DATASET RECORDS:
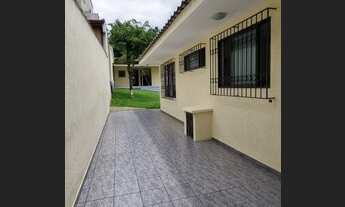 Imagem 3: Casa para venda com 121 m² com 3 quartos com amplo terreno em Mossunguê - Curitiba - PR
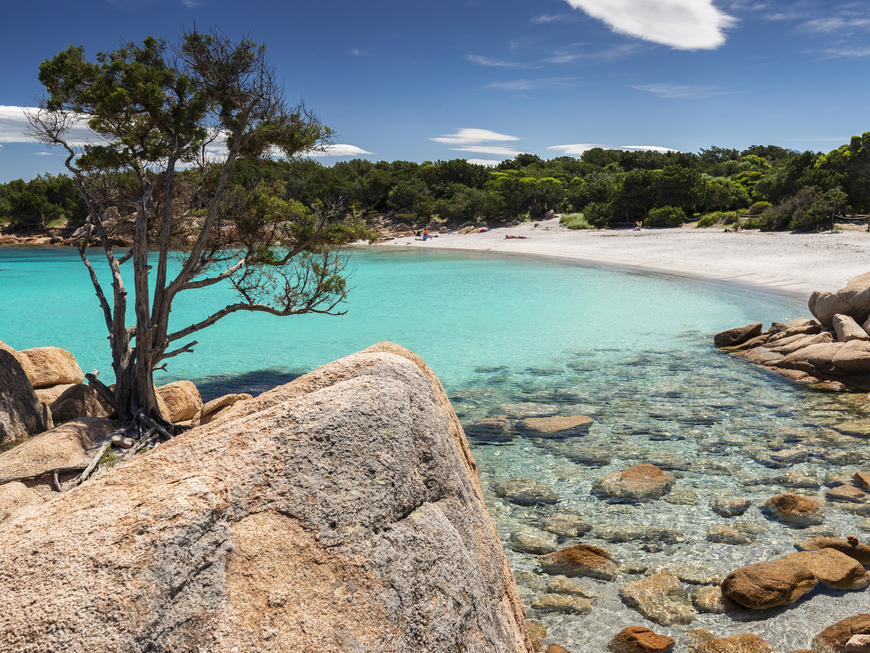 Sardinien Strand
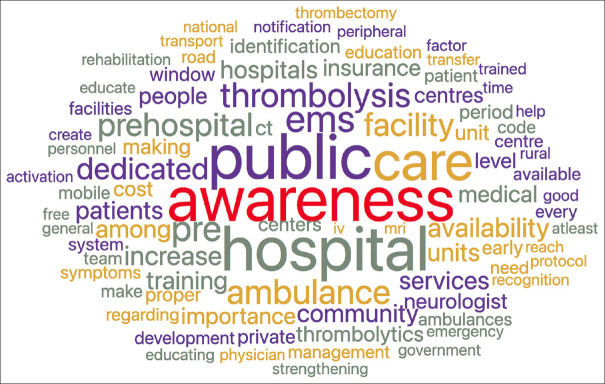 Barriers to Effective Prehospital and Hyperacute Stroke Care in India: A Physician Perspective.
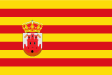 Calamocha zászlaja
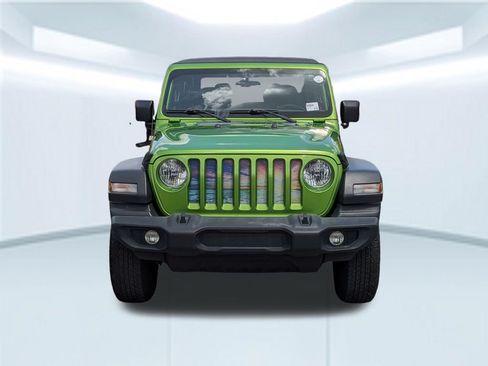 Used 2020 Jeep Wrangler Sport AWD/4WD image 10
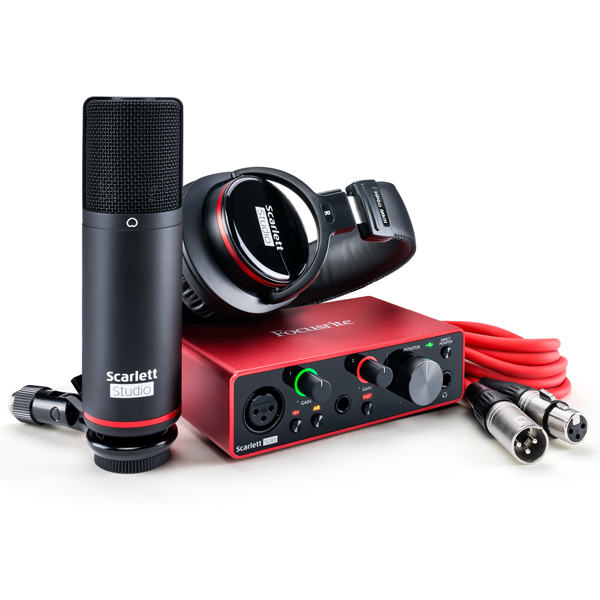 Focusrite Scarlett solo G3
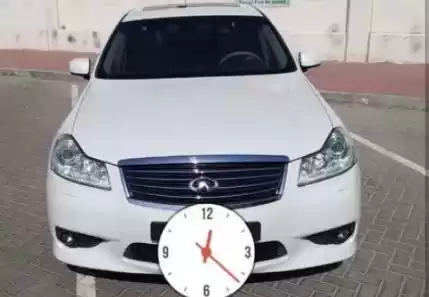 مستعملة Infiniti M للبيع في الدوحة #7026 - 1  صورة 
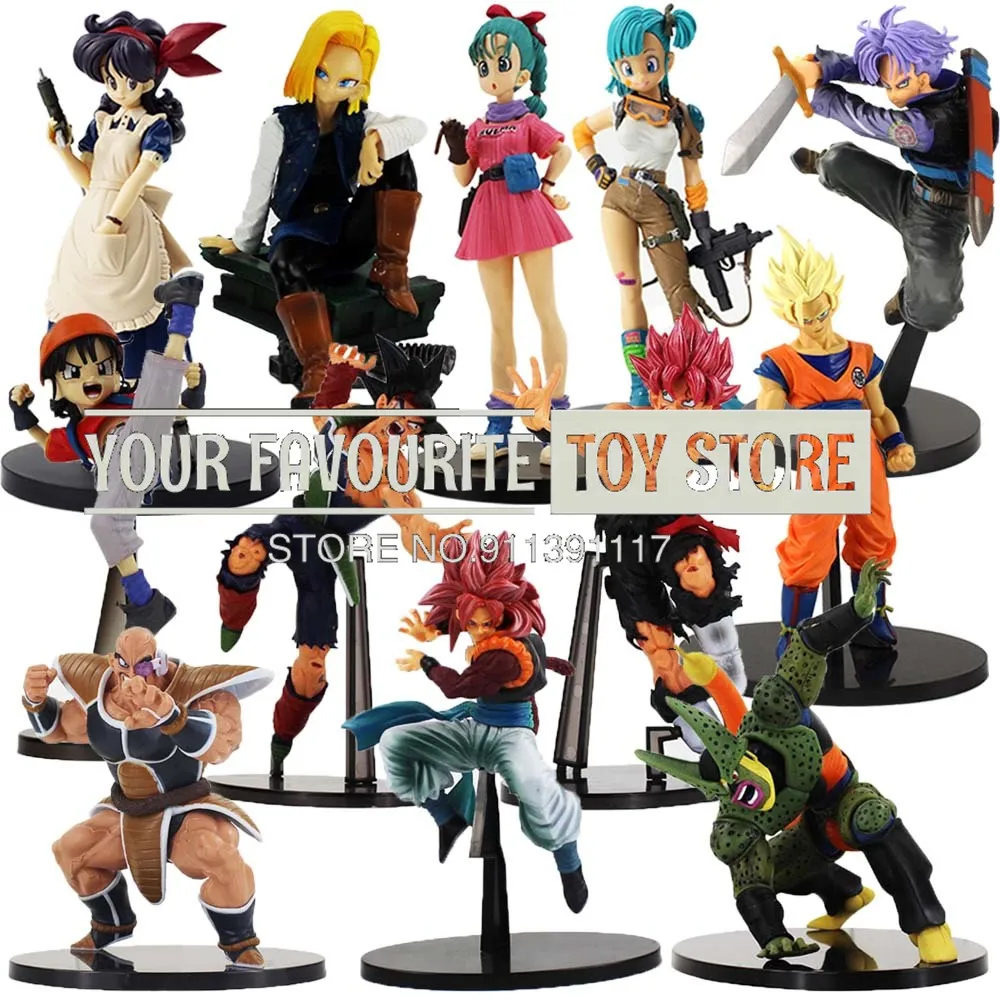 

Фигурка аниме «Драконий жемчуг», 12-24 см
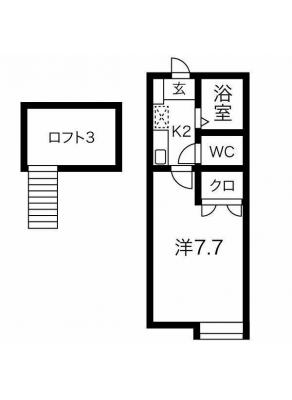 シェリールミニ B棟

TASK DESCRIPTION:
Restate the records in full and word for word, but keep the pictures out.

TASK RESPONSE:
 Imagem 3: Casa para venda com 121 m² com 3 quartos com amplo terreno em Mossunguê - Curitiba - PR
 Sardinien Strand
 Barriers to Effective Prehospital and Hyperacute Stroke Care in India: A Physician Perspective.
 Calamocha zászlaja
 Used 2020 Jeep Wrangler Sport AWD/4WD image 10
 Focusrite Scarlett solo G3
 مستعملة Infiniti M للبيع في الدوحة #7026 - 1  صورة 

Фигурка аниме «Драконий жемчуг», 12-24 см
 シェリールミニ B棟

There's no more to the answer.